In my application, I am launching multiple threads to grab frames from multiple cameras. Each thread is responsible for one camera and when a frame is grabbed, an object detection model, deployed on TensorRT will be utilized to detect the targeted objects in the grabbed frames. To boost some of the functionalities, I use OpenCV compiled with CUDA as well. I noticed when the number of launched threads goes up, I experience a huge amount of delay, whereas the delay value looks much lower when I launch 1 to 3 threads. I tried to profile my application with Nsight System to find the bottleneck. When I assesd the runtimeof the app on Nsight System, saw blocked states at multiple reports as its shown below :

Can anyone explain if the witnessed delay is related to these blocked states and if so, how can I get rid of them?

1 Like

I can’t really say much about what is going on specifically with your application. You know the code far better than I. I also don’t have the times on the screenshot, but based on the width of that block, yeah, I think that is probably a problem.

I don’t know what options you used to run Nsys but there is a good chance that you ran it with CPU backtraces on. If you did that, you should be able to use the top-down or bottom up stacks at in the bottom pane to find out what functions/code paths are dominating the runtime. If you zoom in on the timeline, the backtraces will zoom into the same range, so you can focus on just what is going on before and after the delay that you are seeing to narrow in your search.

Hope that helps.

1 Like

@hwilper Thank you so much for your quick answer.
My OS is Windows 10 and TensorRT version is 8.6.1 if its helpful. I use C++ standard thread library to launch the threads.
I have just recently started working with nsight and dont know if CPU backtraces is on or not.
I attached a wider image and if more images are needed just let me know.:

What were the options you ran the tool with?

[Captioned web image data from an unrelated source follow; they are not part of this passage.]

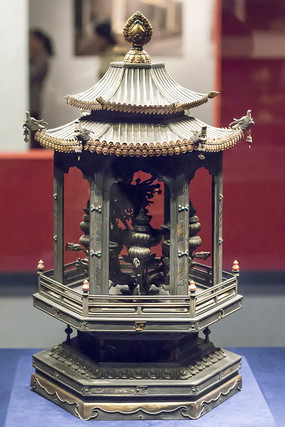 ����������̳��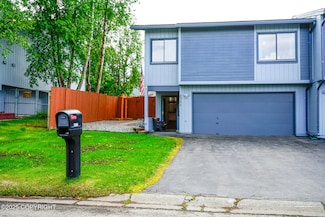 8360 Ragged Top Cir, Anchorage, AK 99504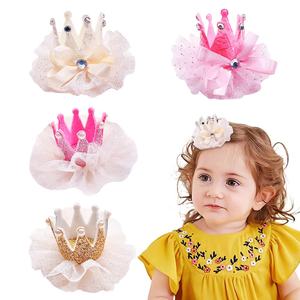 Vente en gros de pinces à cheveux scintillantes pour enfants, style coréen, dessin animé, couronne de princesse, accessoires de fête pour enfants - Product Image 1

Can you try the drop down box on the event view and see if top-down or bottom up are listed there? if they are that means you had sampling on. If not, do another run with CPU sampling turned on.

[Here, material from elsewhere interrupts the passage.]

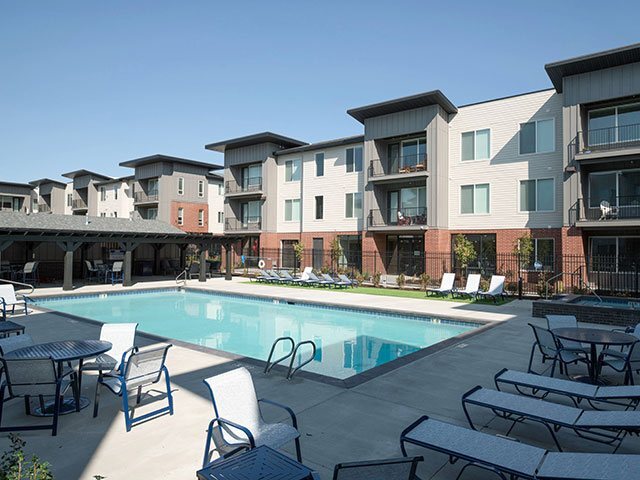 Swimming Pool And Sundeck - Foothill Lofts Apartments and  Townhomes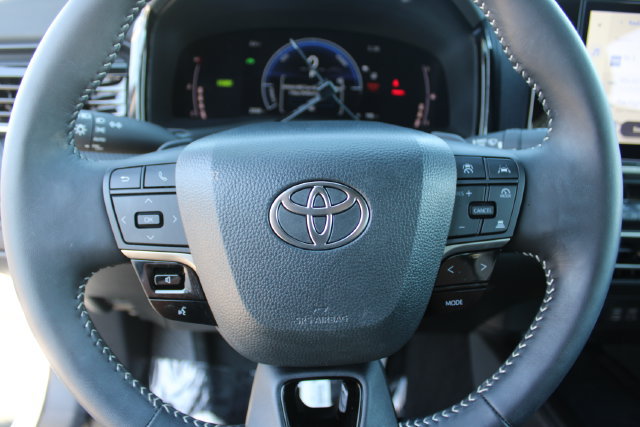 Used 2026 Toyota Camry SE w/ Multimedia Upgrade Package FWD image 18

@hwilper I checked the event view out and there are some lines in a list, like the image below :
Does it show the root cause of the problem ?

That is the correct screen and has the information I was looking for. I would probably switch over to the top-down view if it is available. Then open the bullets for the expensive operations and see what the code paths are there and how much time is being spent in the different functions.